Secondly, the Doggfather’s lesson-through-song taught me what you do if you touch something a little too spicy for our fleshy human hands; you drop it like its hot. Third, how to enter a party just a swinging my hair. Lastly, that Santa Claus goes straight to the ghetto on Christmas Eve.
As seen by my almost ridiculous use of Snoop Dogg lyrics as puns, I have been a fan of the Dogg for quite some time.
Such songs as Next Episode, Fuck You, Doggfather, Bitch Please and many others are on my top list to play at a club banger of a party. Recently, the Dogg released Malice n’ Wonderland, with such classics as Gangsta Luv and I Wanna Rock.
As stated plainly in Snoops’ first verse in Lay Low, it’s the “return of the top dogg and aint’ no stopping this.” Wait just a second Snoop, you just released Doggumentary and many of the songs—not all of them—were disappointing.
The first track on Snoop Dogg’s 11th studio album is the strange track Toyz N’ Da Hood featuring a strange clash of beats. Snoop must have been taking a bathroom break, as he doesn’t even appear on the track.
When I bang one of those old-school Snoop YouTube videos, I snap my fingers and send a shout out to the father of rap.
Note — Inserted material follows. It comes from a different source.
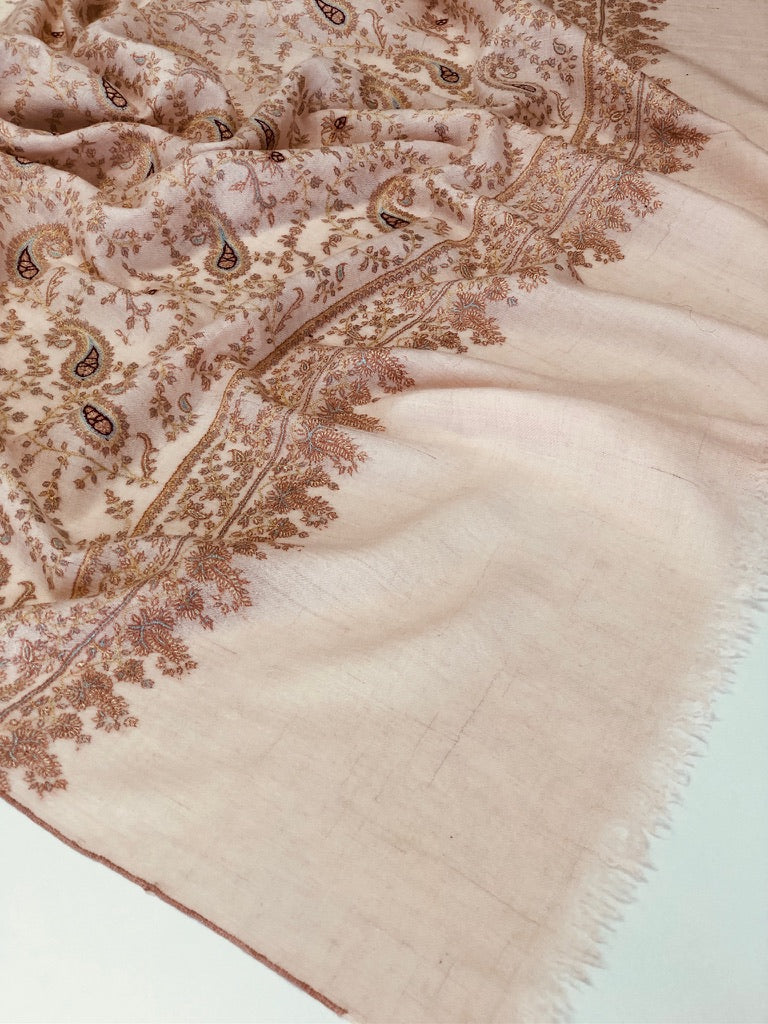 Baby Pink Paisley Design Butidar Embroidery Pashmina Shawl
Gladly, The Way Life Used to Be has some truly gangsta verses that are only understood when bouncing down the street in a car outfitted with hydraulics.
Although the beat for My Fucking House is tight and Snoop and company—Young Jeezy and E-40—go hard, yelling who lives in the house—Snoop’s pleasant abode—loudly is as repetitive as hip-hop haters saying the music is a bad influence on children.
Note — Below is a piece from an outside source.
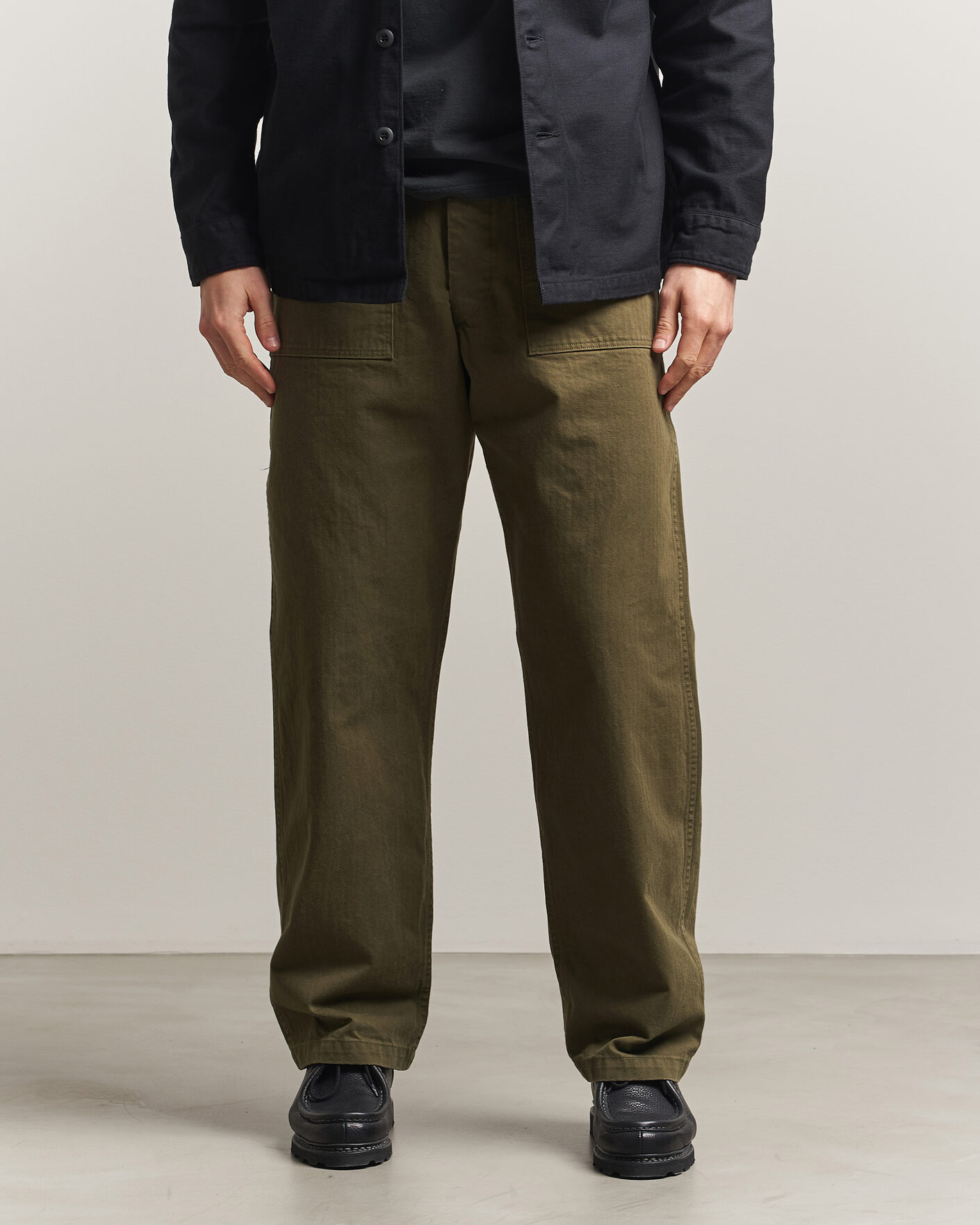 Homme | Pantalons | orSlow | Vintage Fit Herringbone Fatigue Pants Army Green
For the track Peer Pressure, I’m hearing the old Doggfather back at work; my fists are pumping the air and my head is bobbing. Thanks Snoop for letting me ride with you on this beat.
While the song Boom doesn’t really impart many societal lessons upon youngsters, it’s a classic beat and catchy radio collaboration with T-Pain. With guns and girls to spare—Snoop calls his gat Problem Solver—Gangbang Rookie is easily my favourite track on the album for smooth vocals and a hard-hitting style.
For the royal wedding, Snoop Dogg wrote the loving couple a little ditty he called Wet. The track features scantily clad girls in a pool, but it’s a different kind of wet he’s talking about—you get what I mean.
On Lopez Tonight, Snoop said, “I wanted him (William) to have a little bit of fun before he got married, see all the girls you won’t be able to see, before you lock down with that one, and enjoy yourself.”
With sex noises and Snoop Dogg autotuned and a constant dripping sound, it gives me the queasies. Not to say I’m some kind of prude, but Snoop keep this in your fantasies.
From the washed up debacle of autotuned Snoop Dogg comes a collaboration with Willie Nelson on Superman. It’s strange, different, but kind of enjoyable.
Doggumentary features some OK tracks, but the shivers from Wet and other awkward songs leaves me with the hip-hop blues. Sorry Snoop. Does it make it better that I liked your verse with Katy Perry?